• _TASK REQUIREMENTS_
Beginning with the line below that contains "Футболка 5.11 Tactical" and ending with the line that contains "1504 CHEYENNE Drive Marion IL", retype every line exactly. Pictures are not copied.

━━━ THE INPUT ━━━

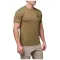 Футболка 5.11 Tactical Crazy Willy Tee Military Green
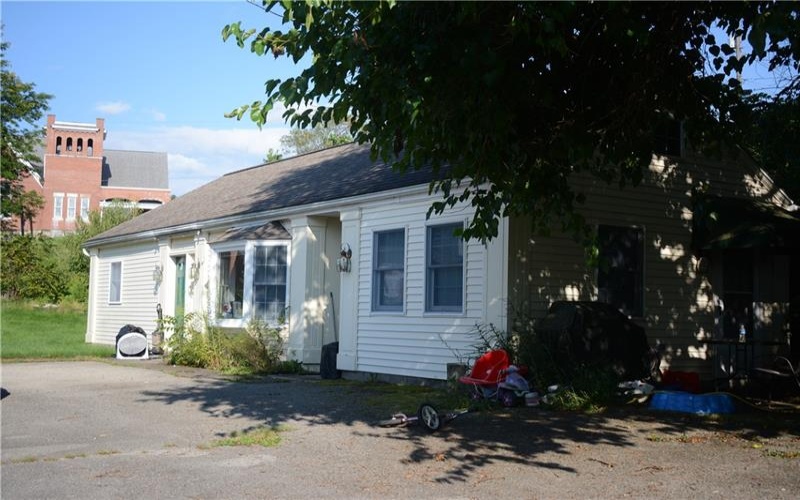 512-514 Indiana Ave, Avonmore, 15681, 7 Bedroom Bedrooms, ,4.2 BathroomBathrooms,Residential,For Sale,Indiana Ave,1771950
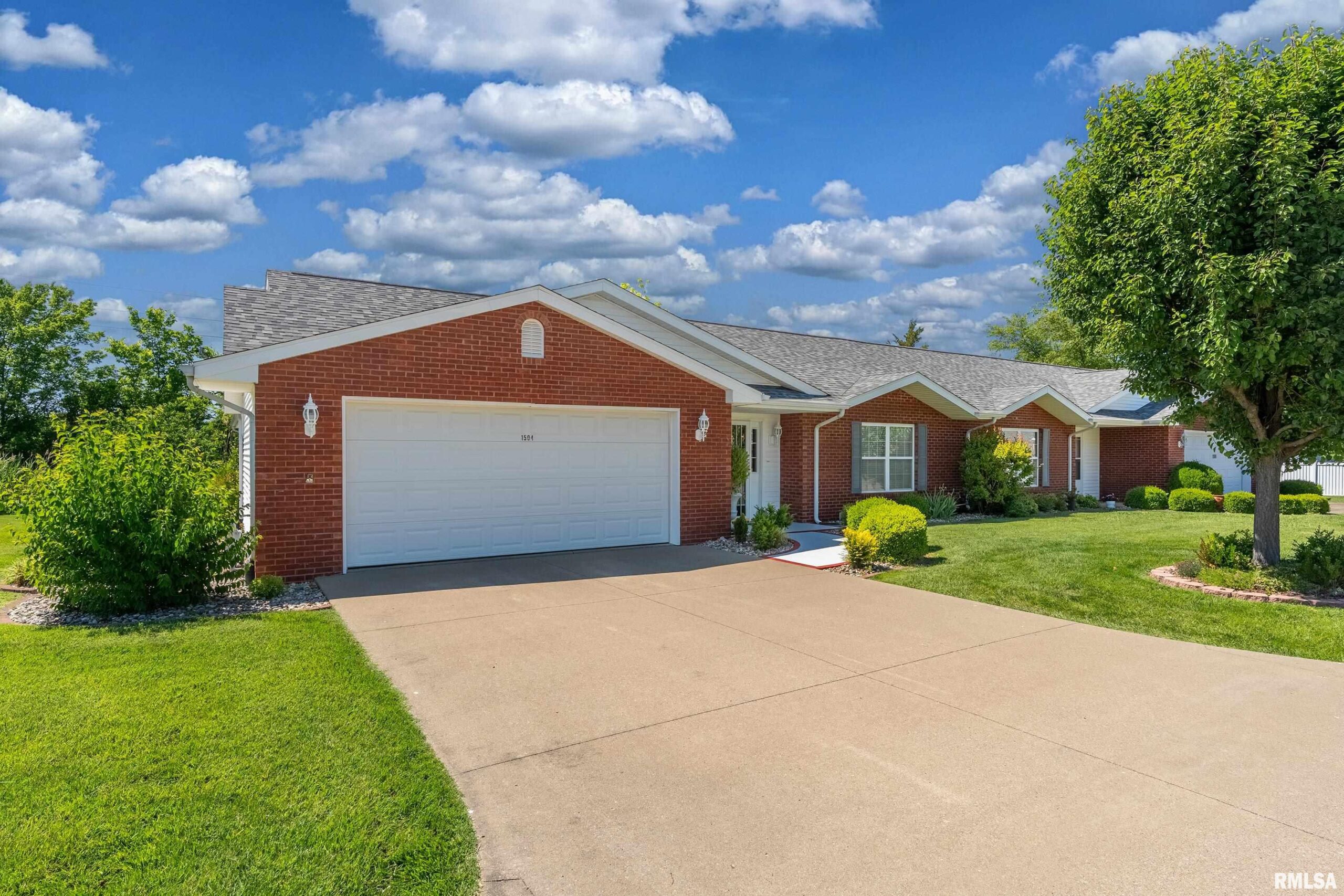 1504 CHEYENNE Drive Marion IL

━━━
━━━ THE INPUT ━━━

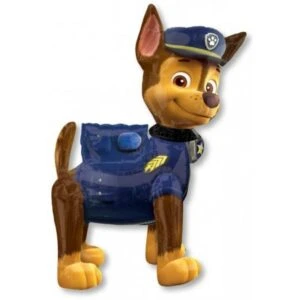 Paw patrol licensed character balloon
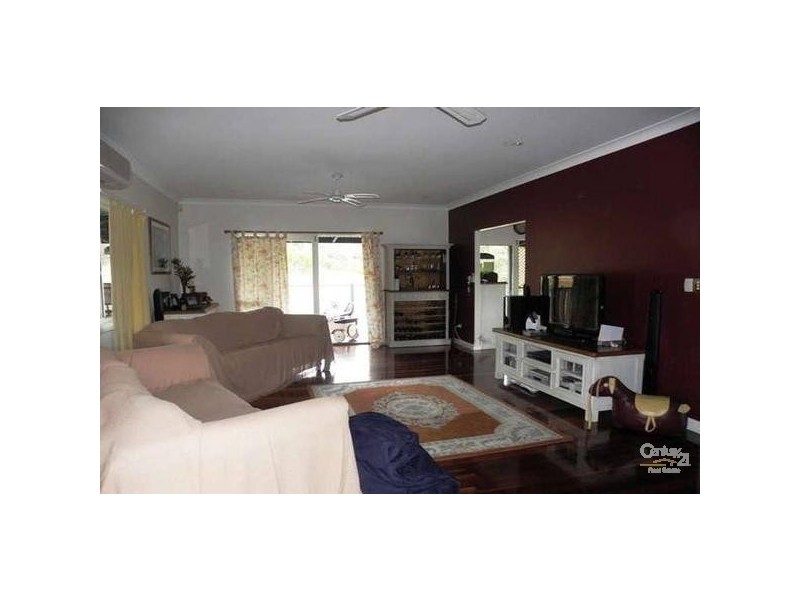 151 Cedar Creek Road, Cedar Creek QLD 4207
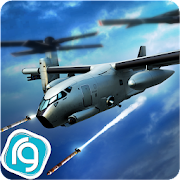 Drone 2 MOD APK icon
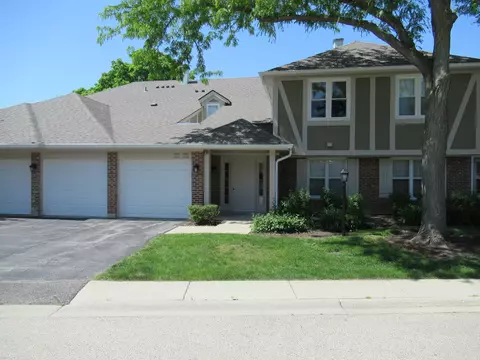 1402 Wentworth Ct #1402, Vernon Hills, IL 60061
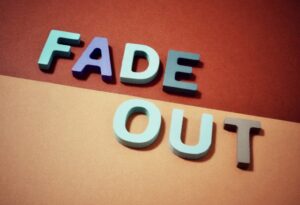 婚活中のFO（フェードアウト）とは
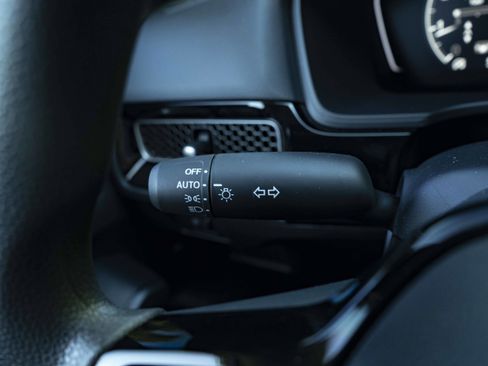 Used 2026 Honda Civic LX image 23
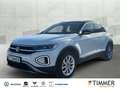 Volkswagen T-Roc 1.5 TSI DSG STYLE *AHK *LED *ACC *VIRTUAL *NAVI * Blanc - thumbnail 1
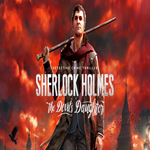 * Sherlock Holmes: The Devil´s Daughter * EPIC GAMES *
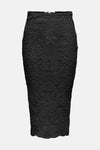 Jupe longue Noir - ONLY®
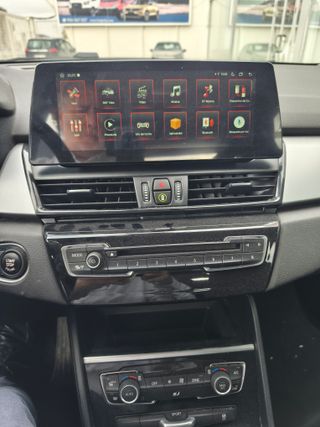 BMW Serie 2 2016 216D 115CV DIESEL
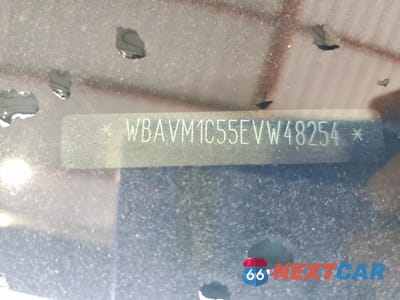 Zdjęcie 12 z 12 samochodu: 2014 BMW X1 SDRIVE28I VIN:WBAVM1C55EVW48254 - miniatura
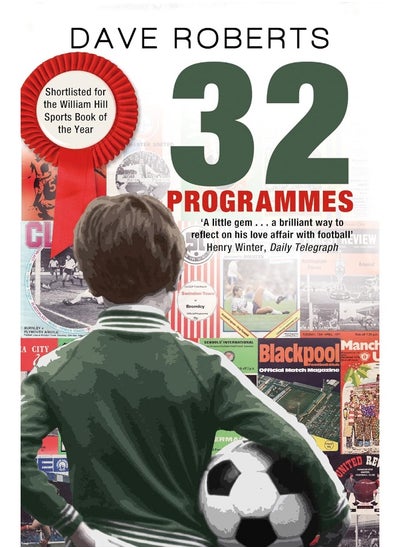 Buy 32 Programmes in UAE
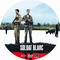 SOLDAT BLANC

━━━
━━━ THE INPUT ━━━

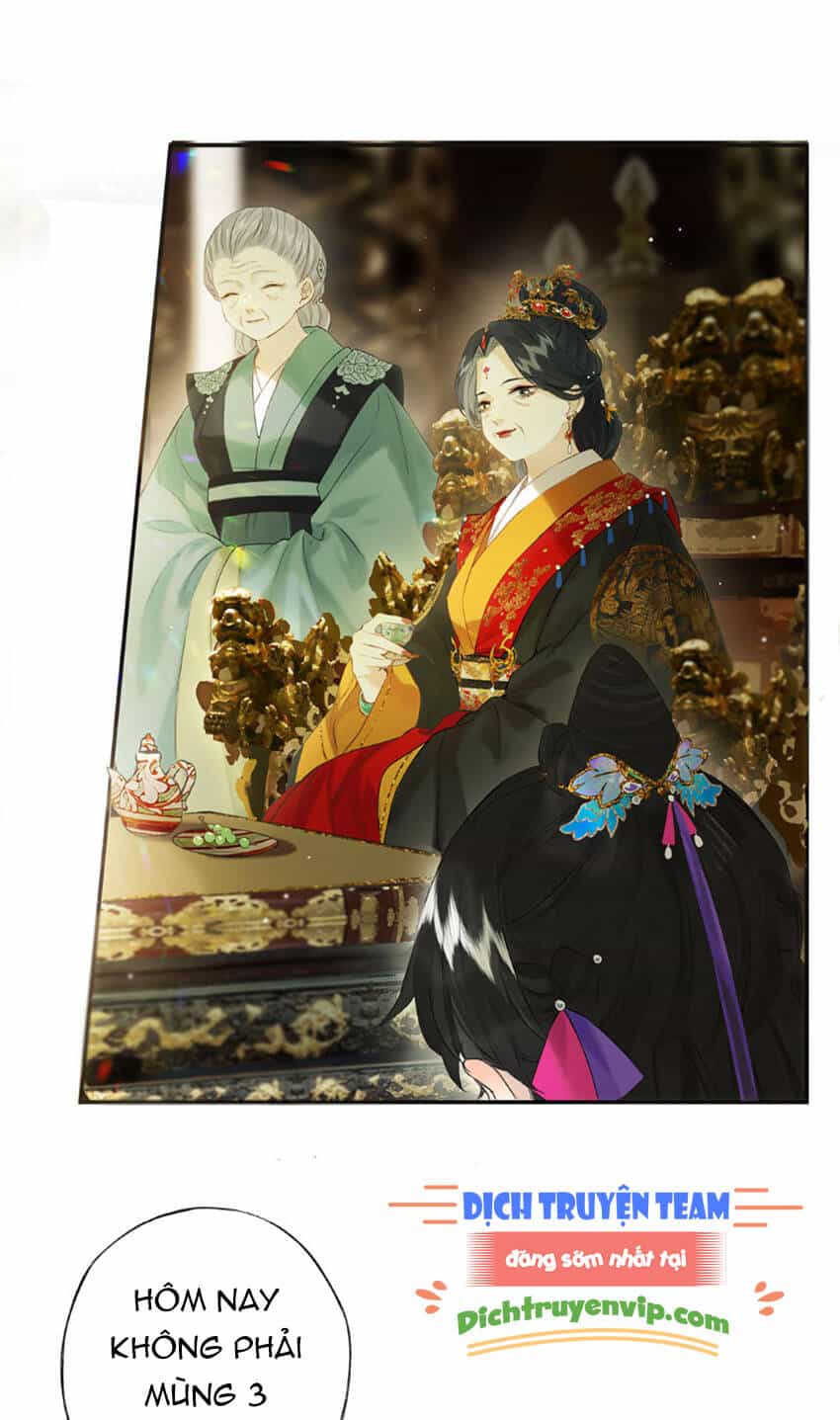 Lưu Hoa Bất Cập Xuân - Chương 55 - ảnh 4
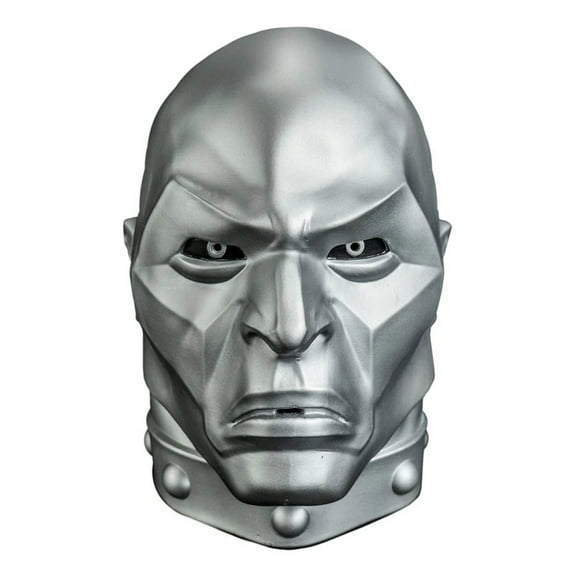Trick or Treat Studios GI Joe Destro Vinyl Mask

━━━

• _WRITTEN SOLUTION_
 Футболка 5.11 Tactical Crazy Willy Tee Military Green
 512-514 Indiana Ave, Avonmore, 15681, 7 Bedroom Bedrooms, ,4.2 BathroomBathrooms,Residential,For Sale,Indiana Ave,1771950
 1504 CHEYENNE Drive Marion IL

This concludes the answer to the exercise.